Le quatrième affrontement israélo-arabe a donné lieu à un phénomène nouveau : pour la première fois, des États situés hors du « champ de bataille », l'Arabie saoudite et l'Algérie, y ont joué un rôle important. D'autres États arabes se sont manifestés par un rejet de la politique égypto-syrienne en s'isolant dans une attitude de refus, ainsi l'Irak et la Libye. Il a paru intéressant d'analyser ces deux types de comportement et de tenter d'expliquer comment, à partir de positions de principe voisines, les présidents Boumediène et Kadhafi ont évalué de façon divergente l'intérêt supérieur de la patrie arabe à un moment crucial de son existence. Les auteures sont deux attachées de recherche à la Fondation nationale des sciences politiques (FNSP), collaboratrices de la revue Maghreb-Machrek.
L'Algérie, la Libye et la guerre d'octobre
Deux leaders maghrébins, le président Boumediène et le colonel Kadhafi, aiment à rappeler qu’au-dessus de la division des États, il existe une nation arabe dont le destin est « indissoluble ». Leur situation par rapport au centre de gravité de l’arabisme ne saurait donc justifier à leurs yeux un relatif désintérêt pour les affaires du Machrek. N’étant pas impliqués dans le conflit par la force des choses, leur engagement volontaire trouve sa raison d’être dans la conviction de leur appartenance pleine et entière à la communauté arabe. Cette appréhension unitaire constitue le fondement et le leitmotiv de leur attachement à la cause palestinienne. Le président algérien assigne d’ailleurs à cette dernière un rôle décisif car « elle peut être le rempart qui fortifie et consolide l’édification du monde arabe ou alors le détonateur qui la soufflera entièrement. »
Aussi les dirigeants algériens et libyens ont-ils mal supporté les années où le Proche-Orient n’en finit pas de se remettre de la défaite de 1967. Leur pessimisme, leurs jugements sans aménité, traduisent un sentiment d’impatience d’autant moins dissimulé que les États directement concernés leur paraissent incapables — ou peu désireux — de s’engager sur une voie longue et dure.

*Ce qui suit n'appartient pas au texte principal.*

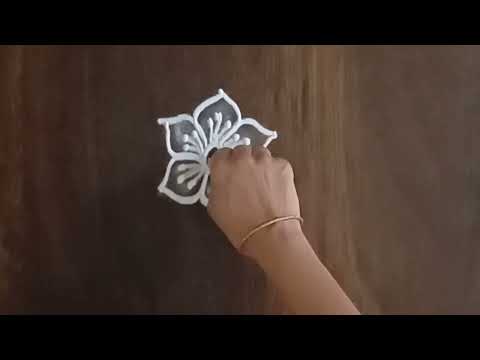 Very easy flower rangoli/Freehand rangoli/दररोज साठी सोपी रांगोळी/ easy flower rangoli #dailyrangoli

L’incompréhension sépare ceux qui se refusent à croire qu’il n’existe pas d’issue à la fois honorable et pacifique et les autres, sceptiques devant un tel optimisme. Pour l’Algérie, dès le lendemain de la guerre des Six Jours, pour la Libye après la révolution de 1969, il n’est pas question de reconnaître Israël, dont ils préconisent par moments la « liquidation », ni de se prêter à une négociation (1) : le « prétendu État d’Israël » est une base anglo-américaine et la nation arabe, même forte de son bon droit, n’a pas le choix : le colonialisme et le sionisme ne comprennent qu’un seul langage, celui de la violence. L’erreur de 1967 a été de considérer la perte d’une bataille militaire comme une défaite. De juin à septembre, les diplomates algériens avaient essayé de convaincre les responsables arabes de poursuivre le combat avec les armes qu’il leur restait : liquidation des intérêts américains dans la région, suspension des livraisons de pétrole « pendant une année afin de porter un coup sévère à l’industrie des pays impérialistes », retrait des fonds arabes déposés dans les banques occidentales. À cet arsenal économique de la guerre totale s’ajoutait une offensive diplomatique vers le Tiers Monde. C’est au président Kadhafi qu’il appartiendra, en se donnant les moyens de sa politique, d’amorcer le processus de rupture des États africains avec Israël à partir de 1972.